## EXERCISE MATERIALS

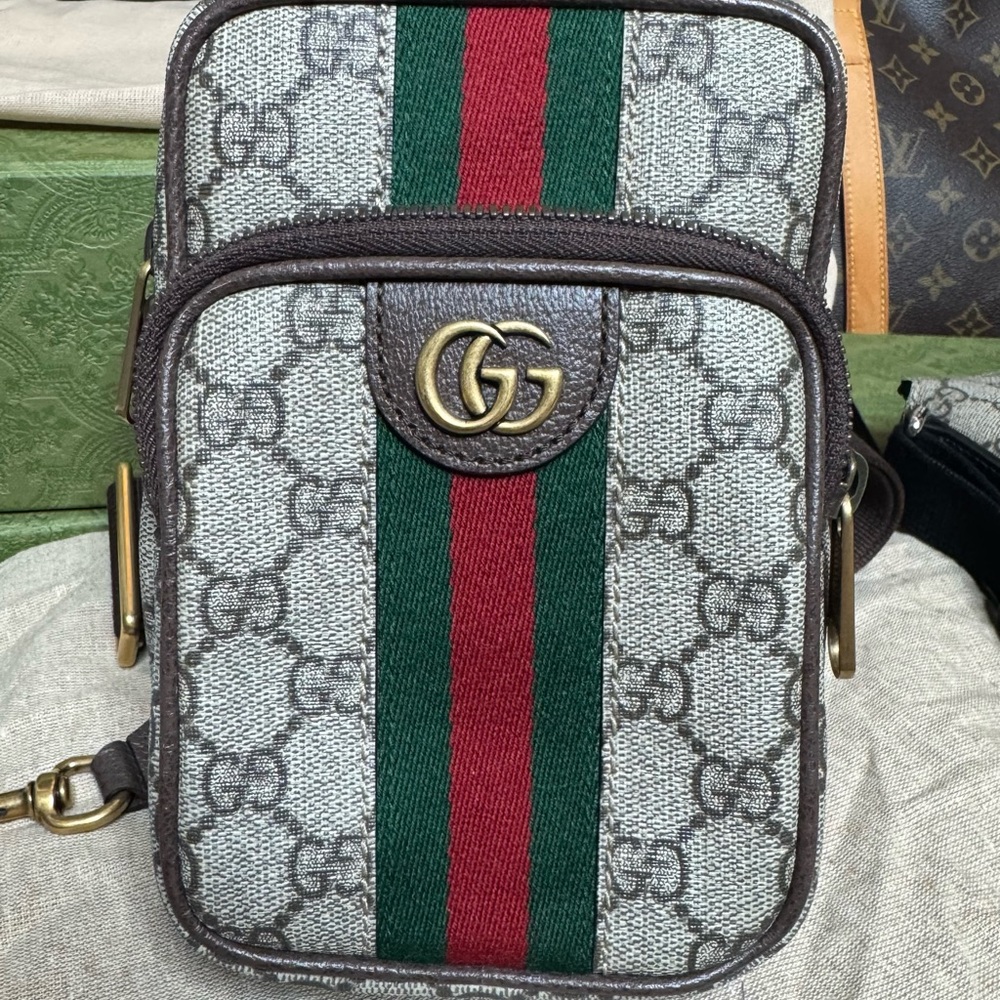 Gucci Beige and Brown Crossbody Bag with Red and Green Stripe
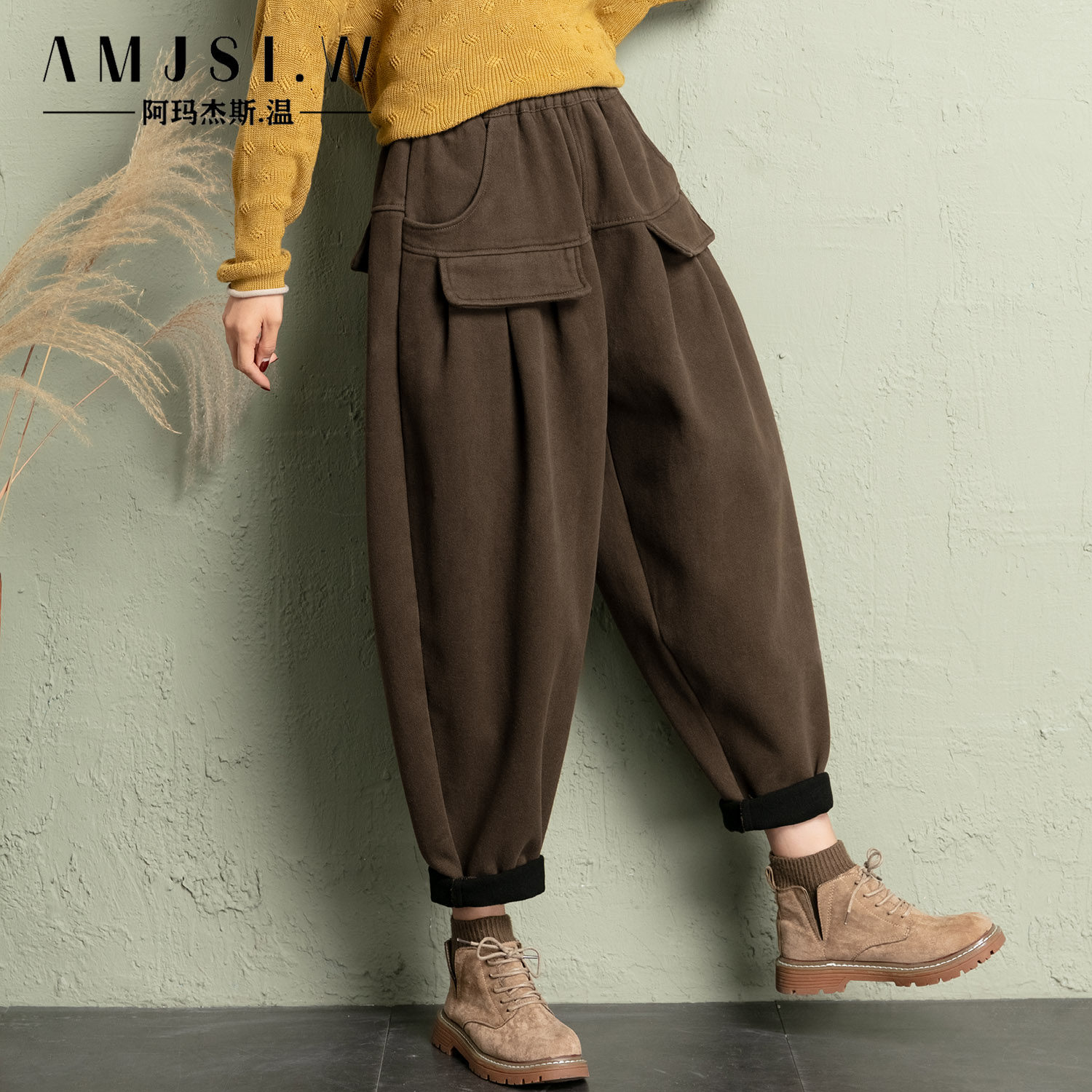 加绒老爹裤女宽松大码显瘦萝卜裤松紧高腰保暖棉裤外穿加厚哈伦裤,女装/女士精品,休闲裤,淘宝优惠券,粉丝福利购,淘宝优惠卷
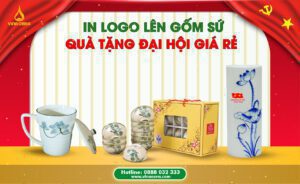 In logo trên gốm sứ quà tặng Đại hội, giá rẻ, chất lượng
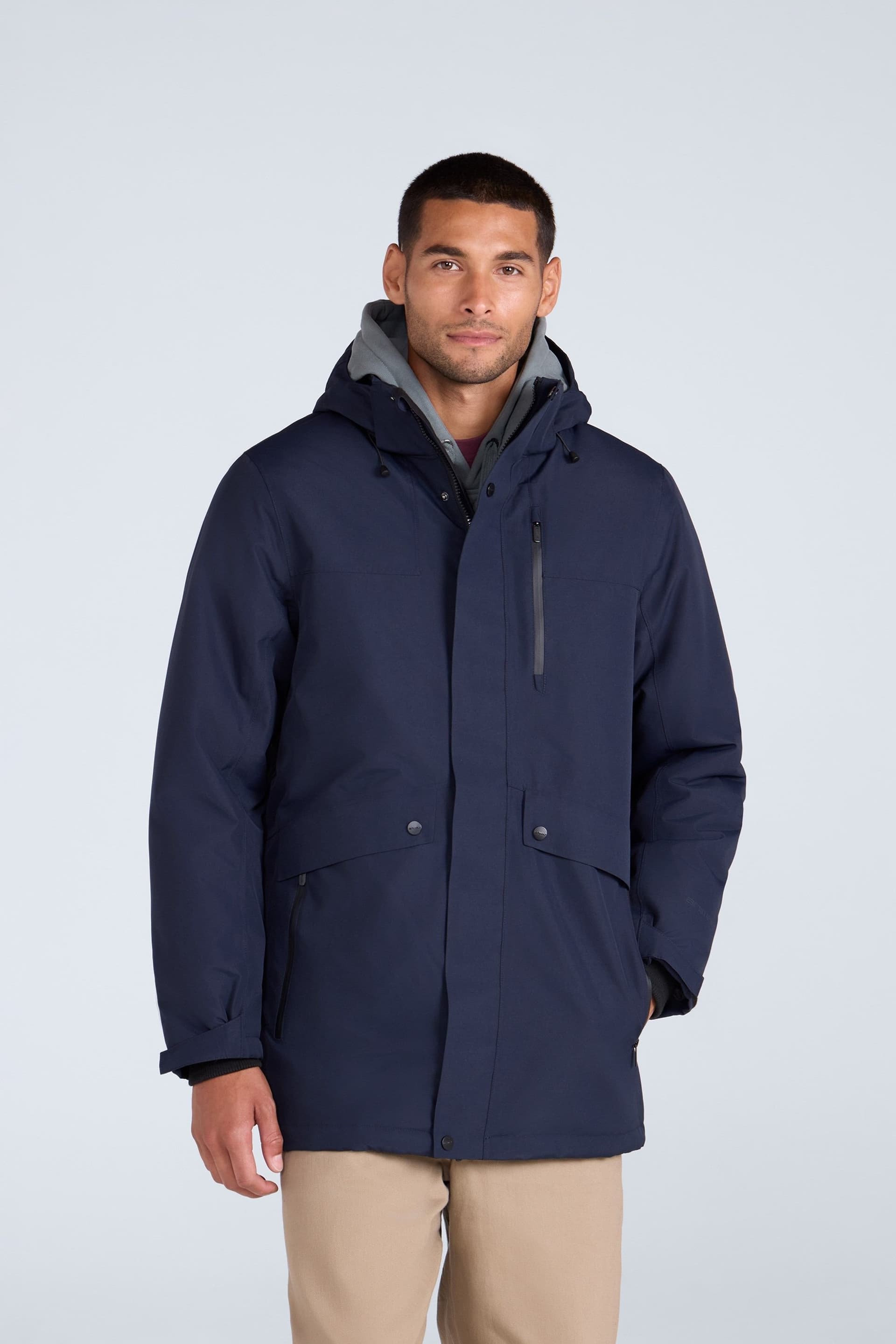 Animal Animal Men's 'Lisbon' Waterproof Breathable Side Pockets Taped Seams Thermal Parka in Navy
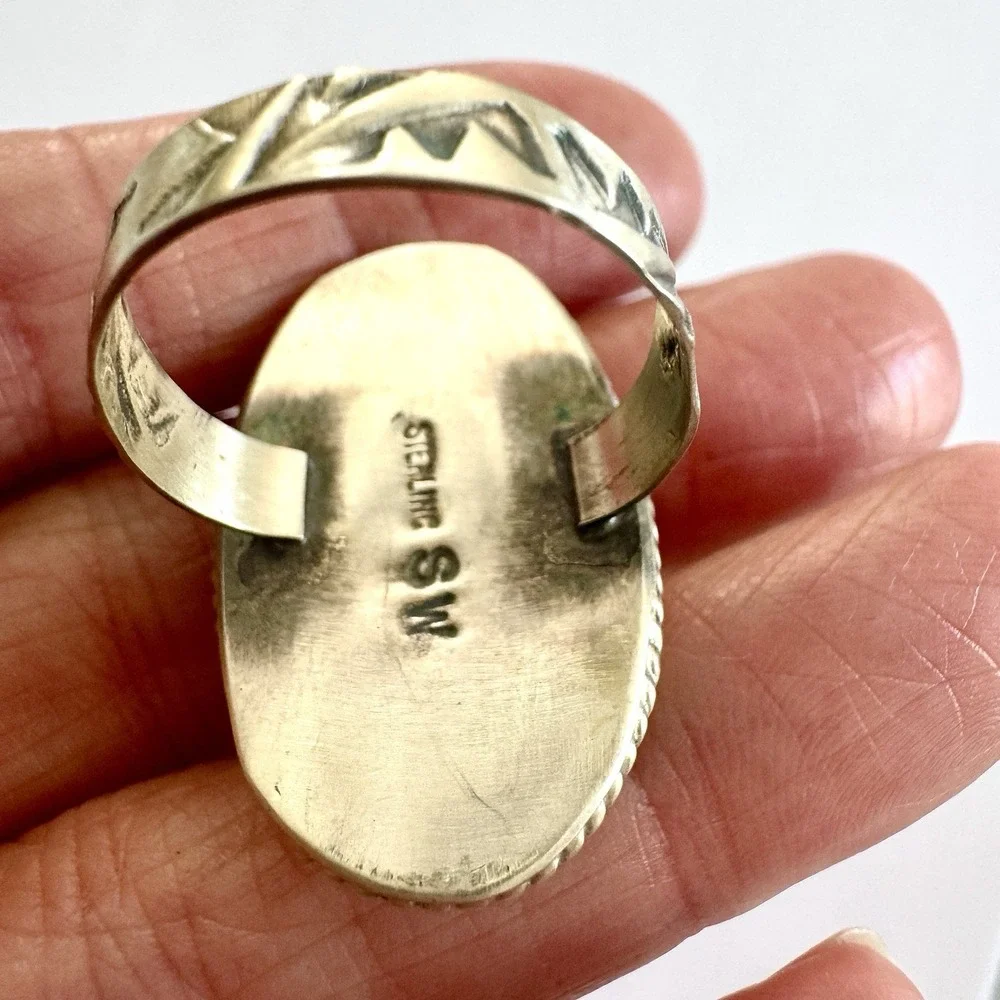 Navajo Orange Spiny Oyster Ring Sz 9 Flat Cab Sterling Signed‎ Selina Warner USA
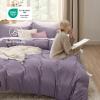 imageBedsure White Duvet Cover Full Size  3 Pieces Prewashed Extra Soft CottonLike Polyester Bedding Set Includes 1 Duvet Cover 80x90 Inches with Zipper Closure amp 2 Pillow Shams Comforter Not Included06  Grayish Purple No Comforter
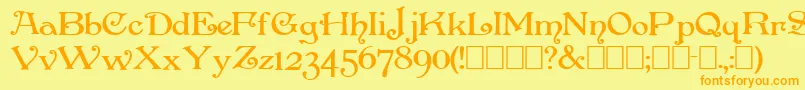 Penhursb Font – Orange Fonts on Yellow Background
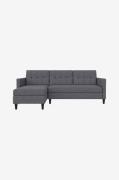Dorel Home - Bäddsoffa 3-sits med schäslong Hartford - Grå - Bäddsoffo...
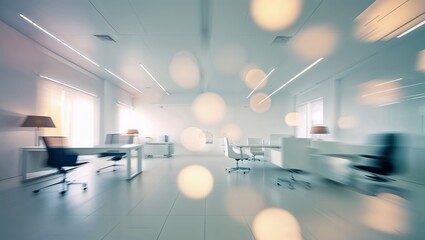 Poster - Modern office interior with blurred lights and minimalist design in bright daylight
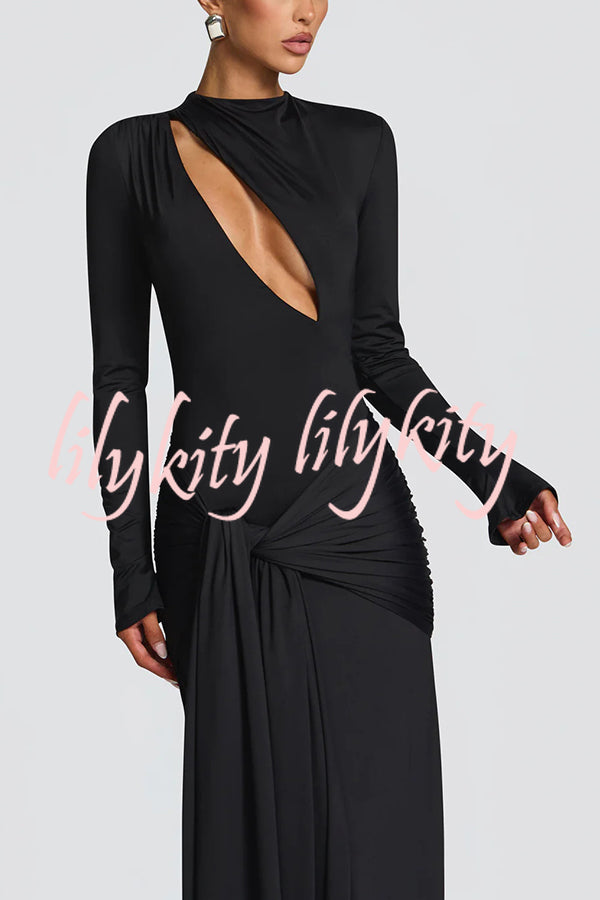Sexy Cutout Fitted Long-sleeved Pleated Satin Ribbon Maxi Dresses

## WHAT TO PRODUCE
With pictures omitted, restate exactly every line from the one containing "imageBedsure White Duvet" through the last line of the material, inclusive.

## WRITTEN SOLUTION
 imageBedsure White Duvet Cover Full Size  3 Pieces Prewashed Extra Soft CottonLike Polyester Bedding Set Includes 1 Duvet Cover 80x90 Inches with Zipper Closure amp 2 Pillow Shams Comforter Not Included06  Grayish Purple No Comforter
 Penhursb Font – Orange Fonts on Yellow Background
Dorel Home - Bäddsoffa 3-sits med schäslong Hartford - Grå - Bäddsoffo...
 Poster - Modern office interior with blurred lights and minimalist design in bright daylight
Sexy Cutout Fitted Long-sleeved Pleated Satin Ribbon Maxi Dresses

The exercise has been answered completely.